THE TASK
In the material below, find the span from the line with "Feng Chen Wang Black Vented Midi Skirt" to the line with "Rinaz Fashion Adan" and transcribe only those lines, exactly, ends included, without the pictures.

SOURCE INFORMATION

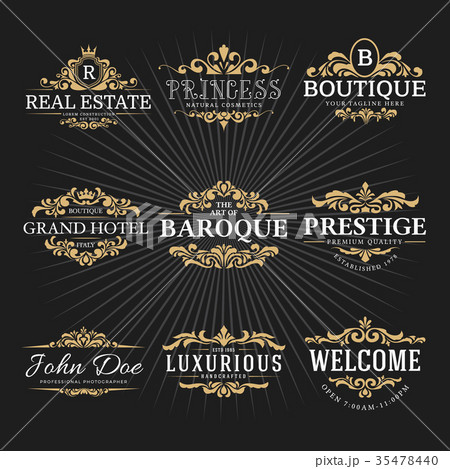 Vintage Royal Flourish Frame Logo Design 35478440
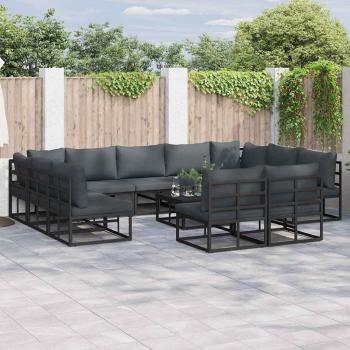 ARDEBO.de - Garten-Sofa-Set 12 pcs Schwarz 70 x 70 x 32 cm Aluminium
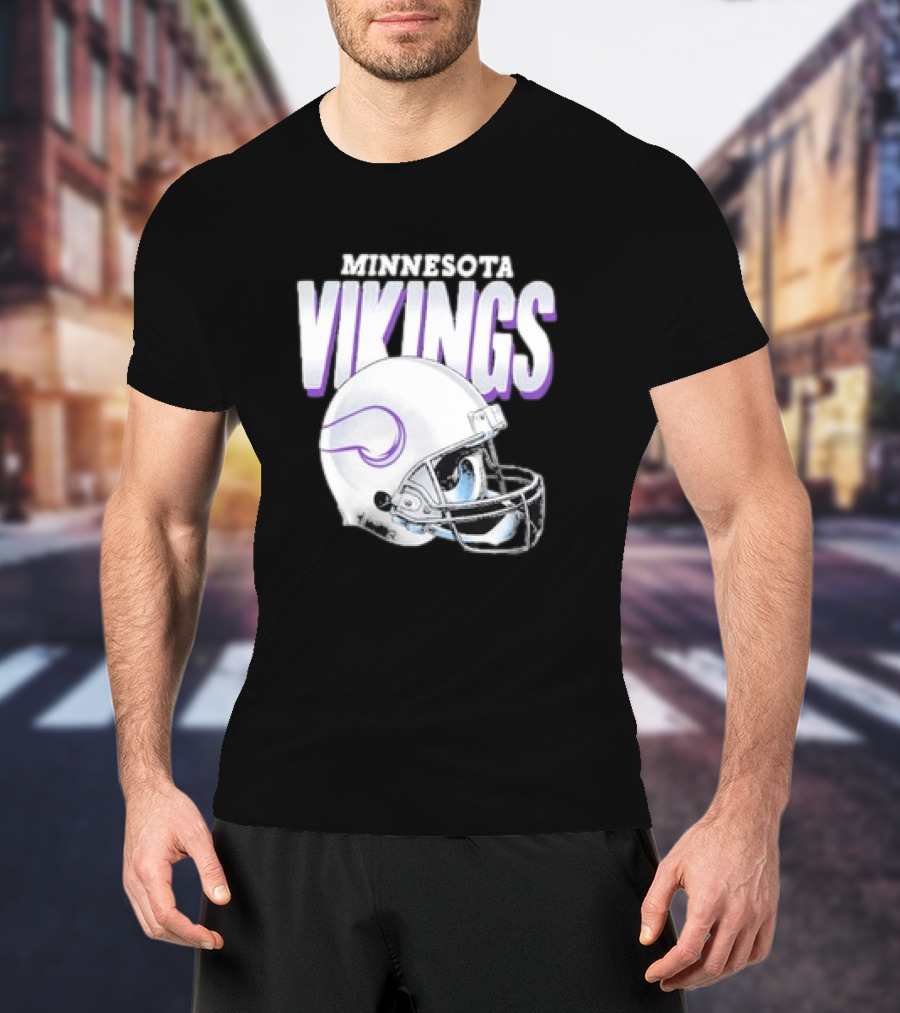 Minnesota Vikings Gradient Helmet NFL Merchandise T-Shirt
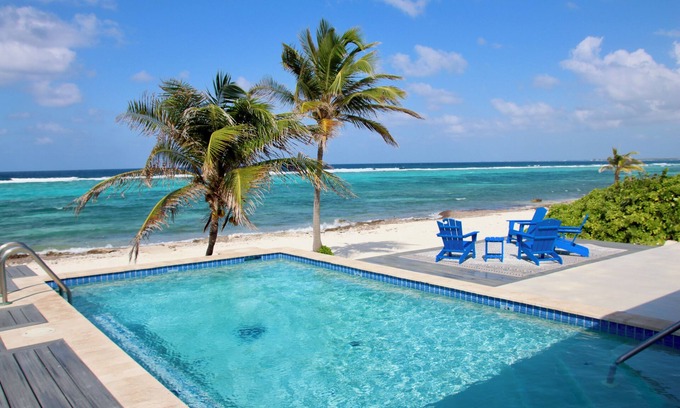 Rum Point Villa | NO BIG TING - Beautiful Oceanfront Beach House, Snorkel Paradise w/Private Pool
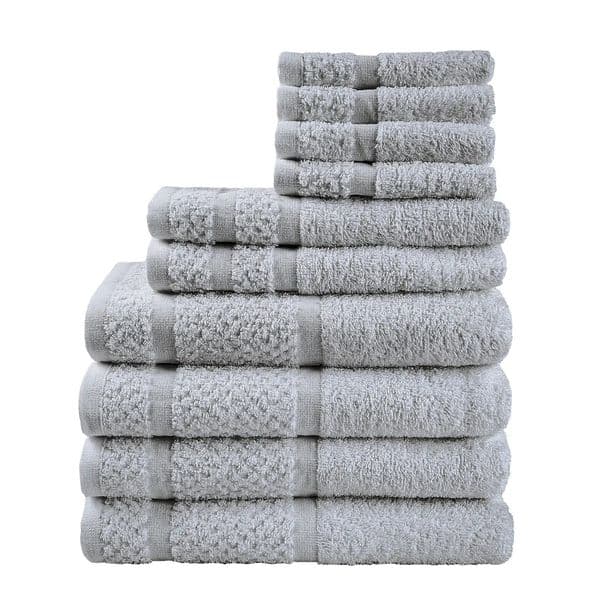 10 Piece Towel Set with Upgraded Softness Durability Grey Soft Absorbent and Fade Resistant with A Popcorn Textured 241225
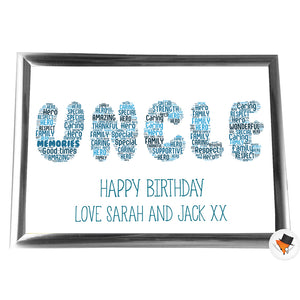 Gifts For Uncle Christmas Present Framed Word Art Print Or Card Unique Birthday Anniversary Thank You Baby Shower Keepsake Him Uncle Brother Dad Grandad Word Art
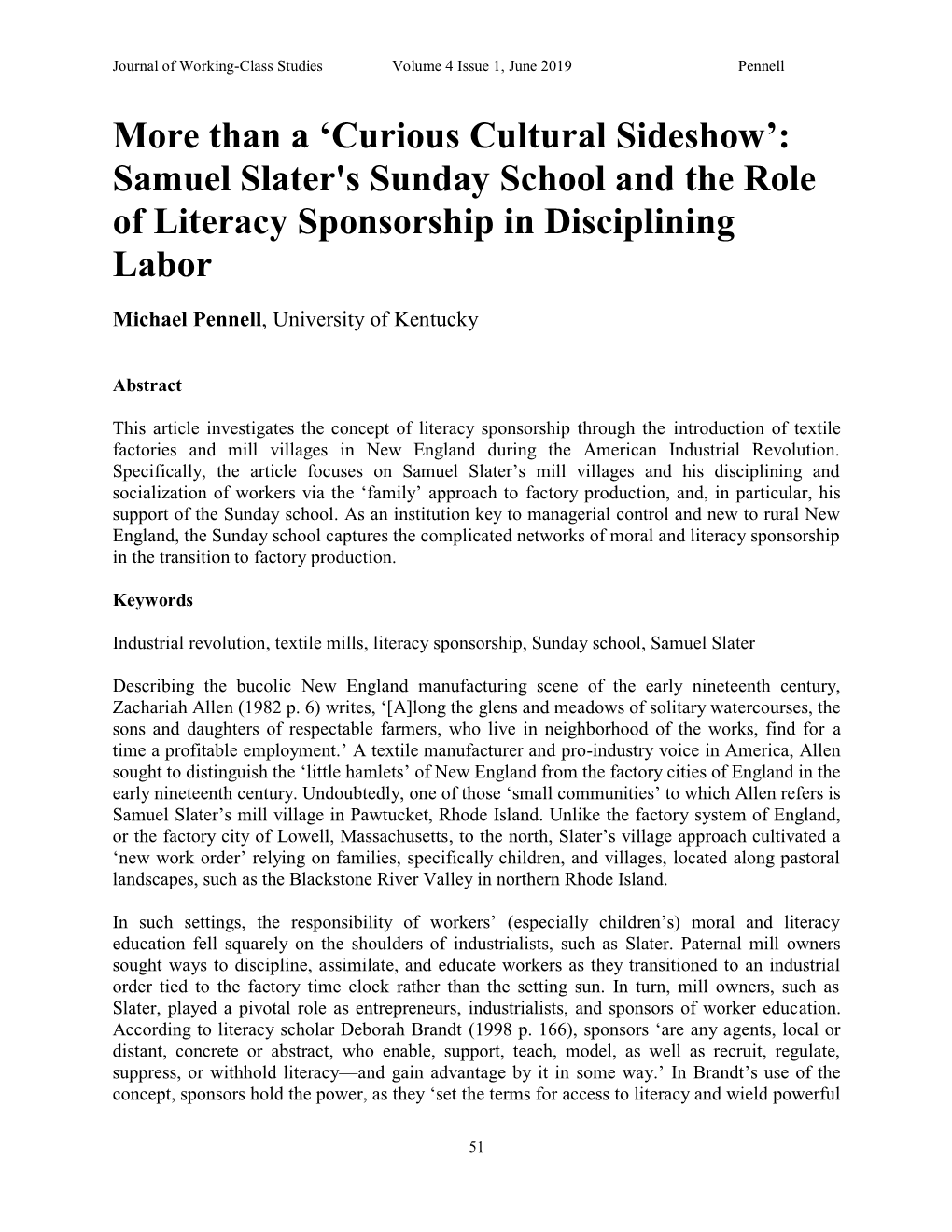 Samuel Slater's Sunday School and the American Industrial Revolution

---

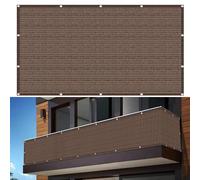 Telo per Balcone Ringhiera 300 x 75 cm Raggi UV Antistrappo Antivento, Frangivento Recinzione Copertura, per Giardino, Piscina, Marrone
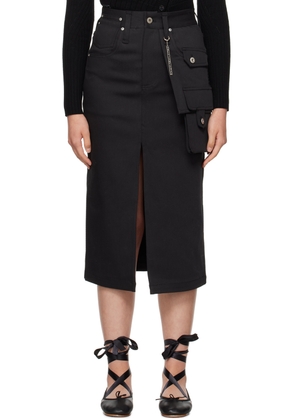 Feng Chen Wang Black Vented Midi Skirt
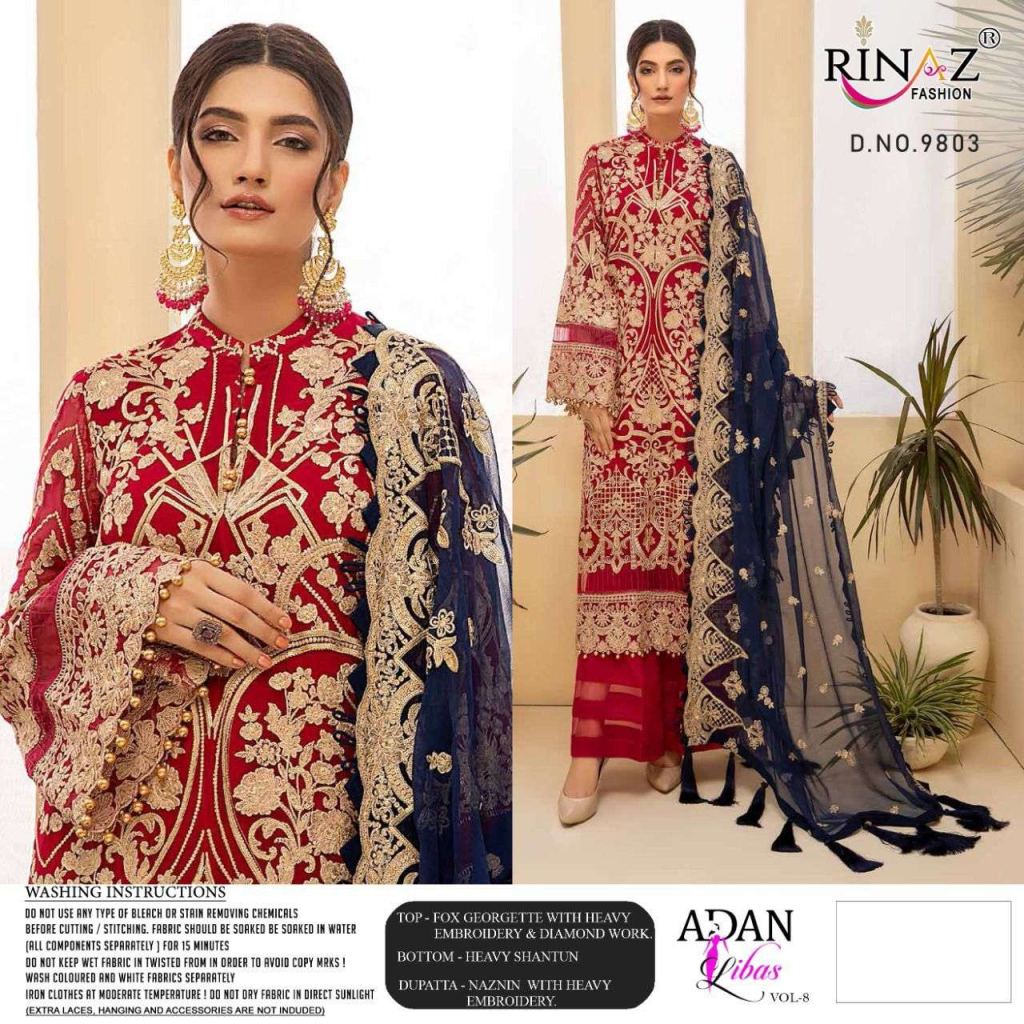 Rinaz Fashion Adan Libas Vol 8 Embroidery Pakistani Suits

WRITTEN SOLUTION
 Feng Chen Wang Black Vented Midi Skirt
 Rinaz Fashion Adan Libas Vol 8 Embroidery Pakistani Suits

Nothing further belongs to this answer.